DATASET CONTENT ->
----------

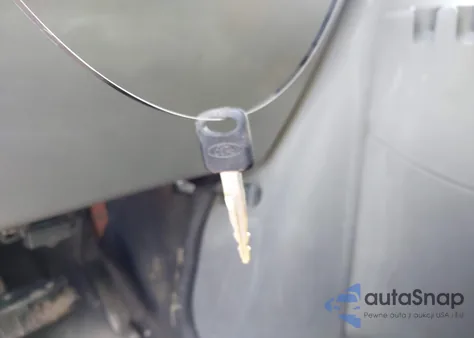 2005 Ford E-250 Commercial/Recreational z USA, uszkodzony, nr VIN 1FTNE24W05HA48592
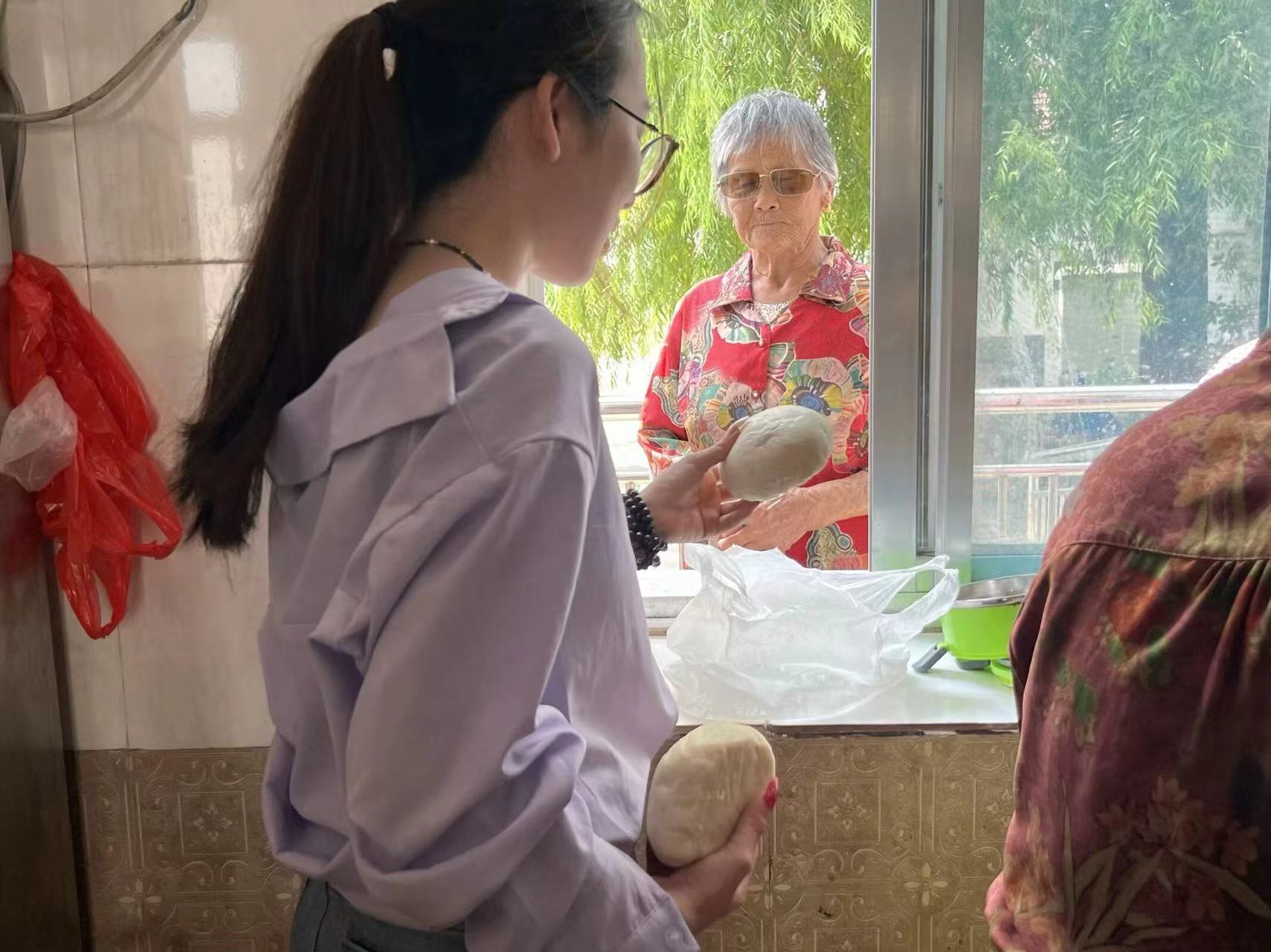 ���M�L��ʳ�������f��ů�P��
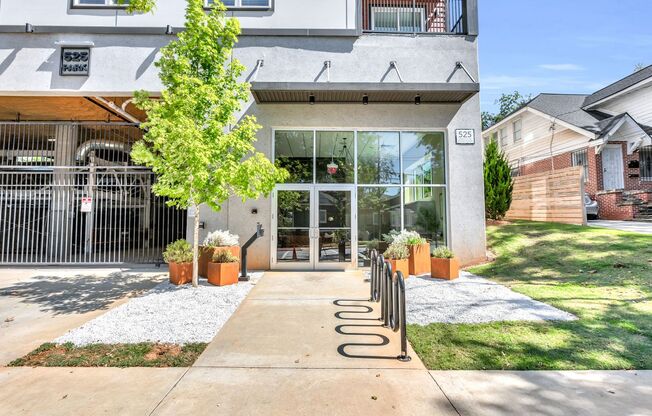 1 bed, 1 bath, $1,600, Unit Unit 317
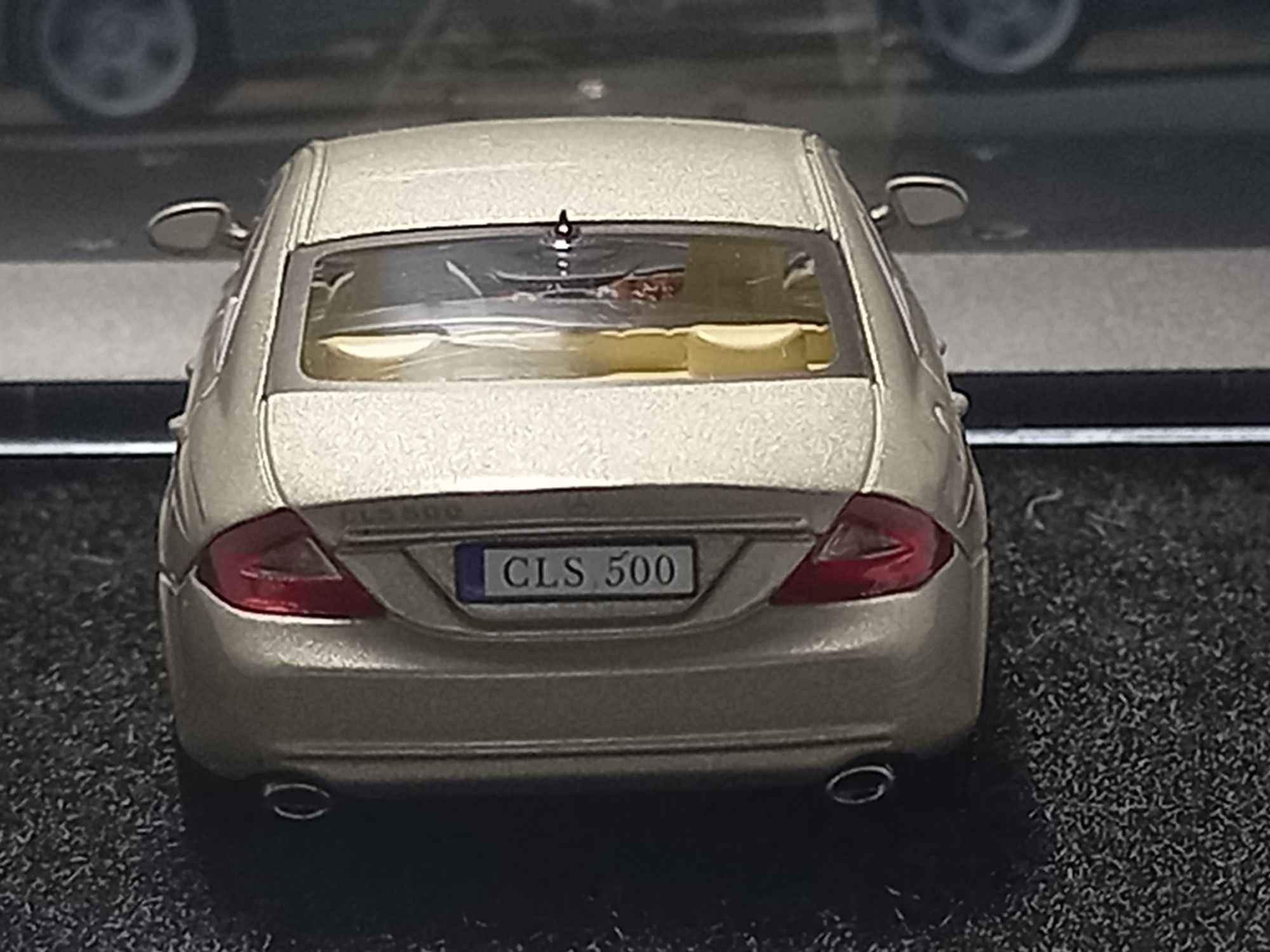 Mercedes CLS escala 1/43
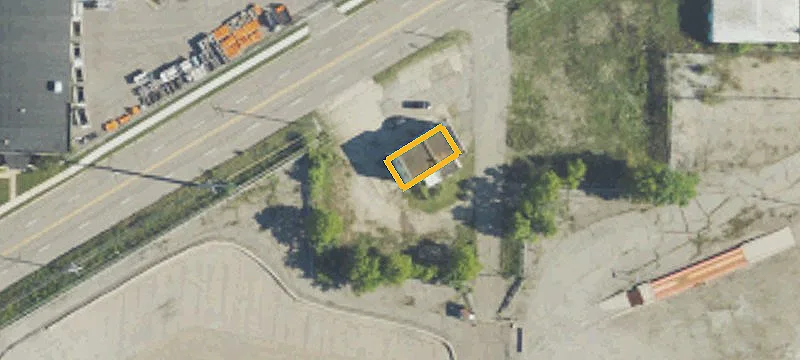 2401 Main St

----------

THE TASK ->
With the images omitted, output all entries exactly as given.

ANSWER TO THE PROBLEM ->
 2005 Ford E-250 Commercial/Recreational z USA, uszkodzony, nr VIN 1FTNE24W05HA48592
 ���M�L��ʳ�������f��ů�P��
 1 bed, 1 bath, $1,600, Unit Unit 317
 Mercedes CLS escala 1/43
 2401 Main St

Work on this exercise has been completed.